An unusual and mesmerizing novel, gracefully written and deeply disturbing.

In her first novel to be published in English, South Korean writer Han divides a story about strange obsessions and metamorphosis into three parts, each with a distinct voice.

Yeong-hye and her husband drift through calm, unexceptional lives devoid of passion or anything that might disrupt their domestic routine until the day that Yeong-hye takes every piece of meat from the refrigerator, throws it away, and announces that she's become a vegetarian. Her decision is sudden and rigid, inexplicable to her family and a society where unconventional choices elicit distaste and concern that borders on fear. Yeong-hye tries to explain that she had a dream, a horrifying nightmare of bloody, intimate violence, and that's why she won't eat meat, but her husband and family remain perplexed and disturbed. As Yeong-hye sinks further into both nightmares and the conviction that she must transform herself into a different kind of being, her condition alters the lives of three members of her family—her husband, brother-in-law, and sister—forcing them to confront unsettling desires and the alarming possibility that even with the closest familiarity, people remain strangers. Each of these relatives claims a section of the novel, and each section is strikingly written, equally absorbing whether lush or emotionally bleak.

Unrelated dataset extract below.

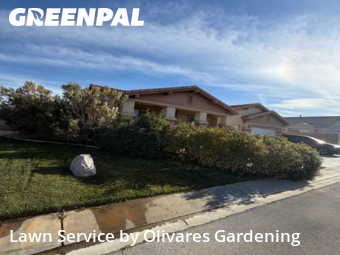 Lawn Mowingin Lancaster,93536,Lawn Service by Olivares Gardening , work completed in Jan , 2026
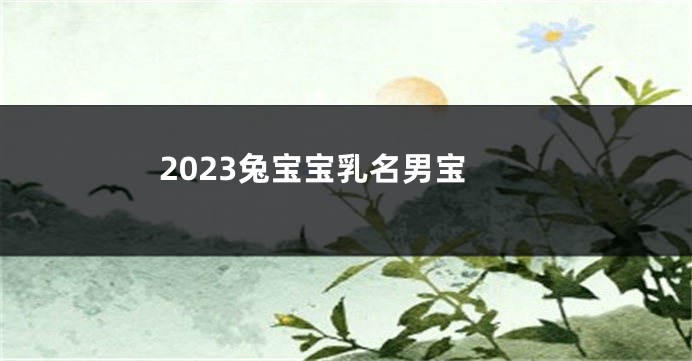 2023兔宝宝乳名男宝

The book insists on a reader’s attention, with an almost hypnotically serene atmosphere interrupted by surreal images and frighteningly recognizable moments of ordinary despair. Han writes convincingly of the disruptive power of longing and the choice to either embrace or deny it, using details that are nearly fantastical in their strangeness to cut to the heart of the very human experience of discovering that one is no longer content with life as it is.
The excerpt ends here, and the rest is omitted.